1950年代当時は空前のロカビリーブームで、アメリカンポップスの邦訳バージョンや模倣した曲がいろいろヒットしたのですが、「六八コンビ」の曲は単なる焼き直しではなく、より良い上質なポップスを模索した形跡を感じます。
【橋本】 私も女性が歌ったカバーで聴いたおぼえがありました。たしかに映画のようなお洒落な雰囲気があって時代の古さを感じませんね。
【中将】 次に紹介する曲も長く愛されている曲です。ジェリー藤尾さんの「遠くへ行きたい」(1962)。
【橋本】 これは名曲ですよ……。人生に疲れた時、この曲を聴きたい(笑)。
【中将】 この曲はもともと、お二人がスタッフとして携わっていた日本初の音楽バラエティー番組『夢であいましょう』(NHK)の「今月の歌」というコーナーで発表された曲でした。毎月、新曲を作ってプロモートしていくという斬新な企画で、このコーナーから数々のヒット曲が生まれました。
【橋本】 すごい企画ですね! でも私、この曲は別の番組の主題歌として記憶に残っていたのですが……。
【中将】 1970年10月にスタートした旅番組『遠くへ行きたい』(読売テレビ・日本テレビ系)でも長く使われていますね。
【橋本】 おばあちゃんがその番組の大ファンで、小さい頃一緒によく観たんですよ! 確かに「六八コンビ」って時代を超える名曲がいっぱいです。
【中将】 次に紹介する曲も「今月の曲」から生まれた曲ですが、今や日本の芸能界を支配的地位にあるジャニーズ事務所の始まりと言ってもいい曲です。

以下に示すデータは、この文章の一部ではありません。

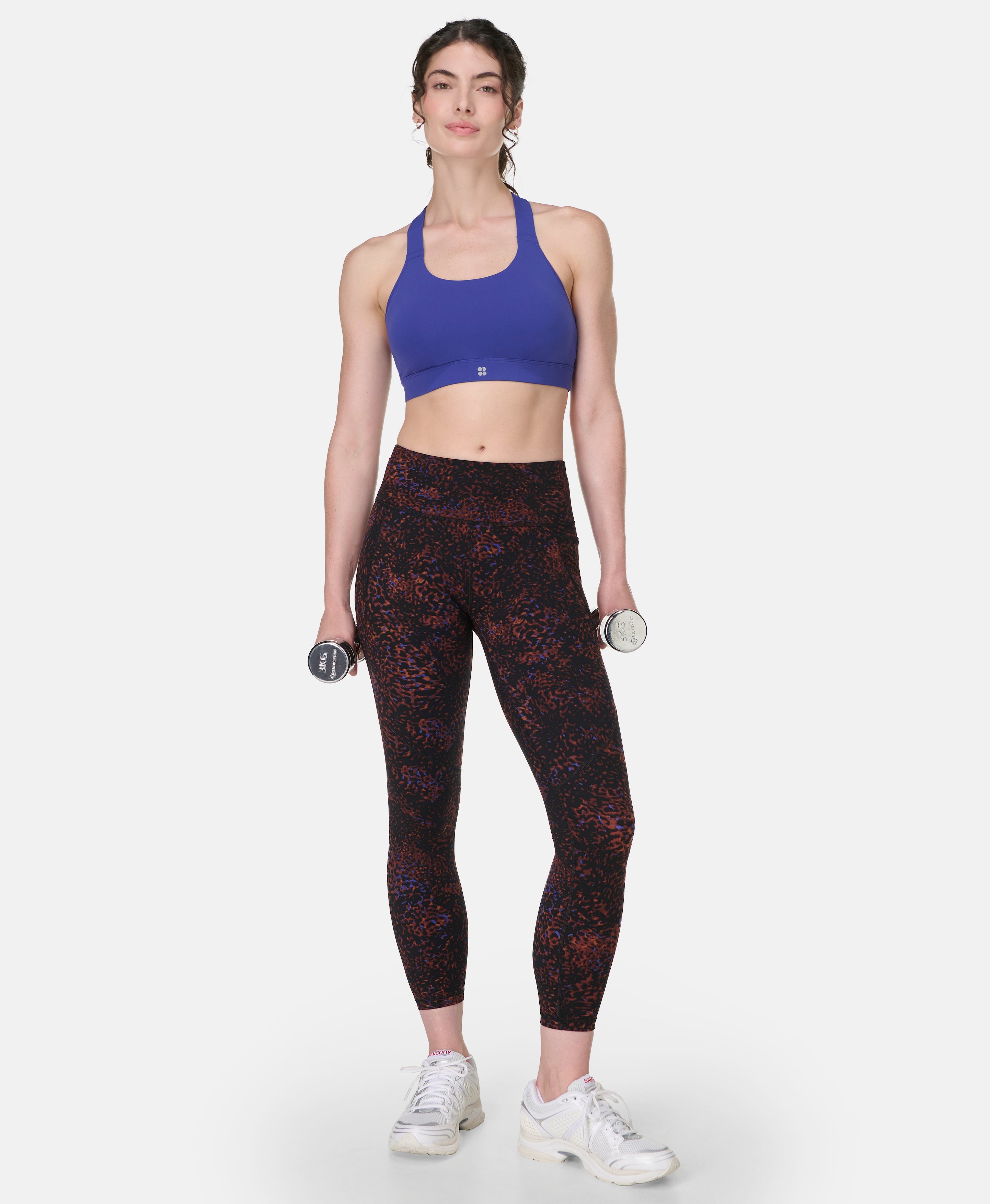 Power 7/8 Workout Leggings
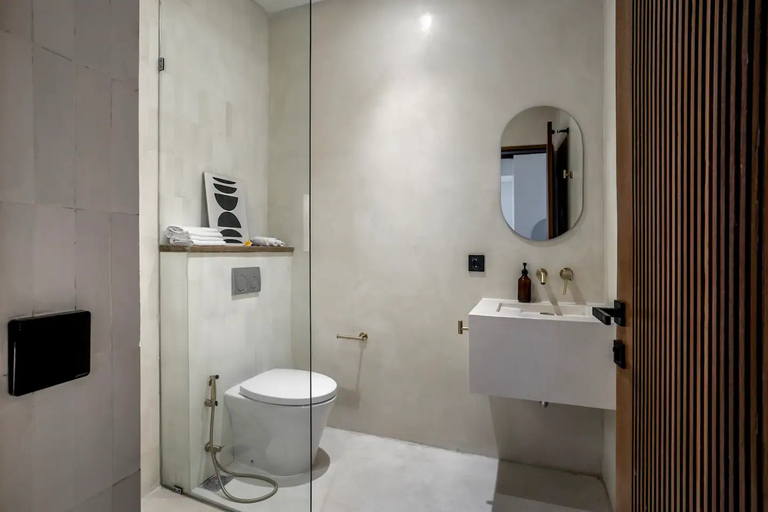 Bathroom 4, Villa Yema 2 by BaliSuperHost, Badung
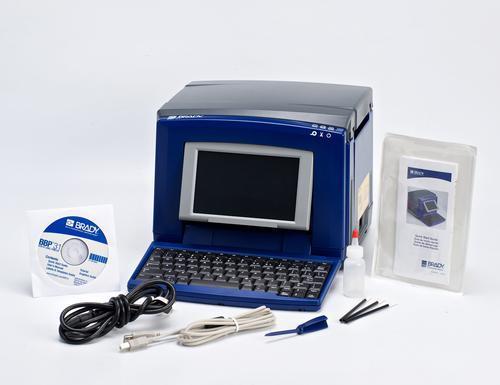 BBP31 Sign and Label Printer, Brady Worldwide®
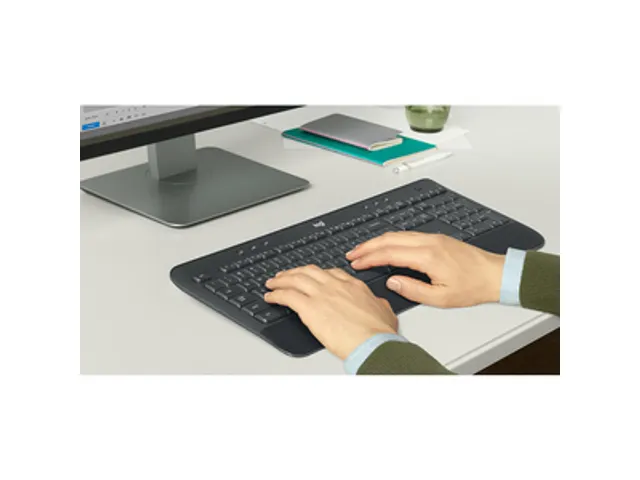 MK545 ADVANCED wireless combo toetsenbord QWERTY en muis
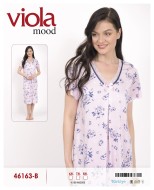 Viola 46163-B ночная рубашка 8XL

ジャニーズの「若い涙」(1964)。
【橋本】 ジャニーズ事務所の初代グループって「ジャニーズ」だったんですね! でも私の知ってるジャニーズのイメージじゃない(笑)。
【中将】 めちゃくちゃ健全な感じですからね(笑)。ジャニー喜多川さんに集められて草野球チームをしていたあおい輝彦さんたちが、いつの間にかダンスボーカルグループになってこの曲でデビューして、今に至るというわけです。もはや歴史の世界ですね。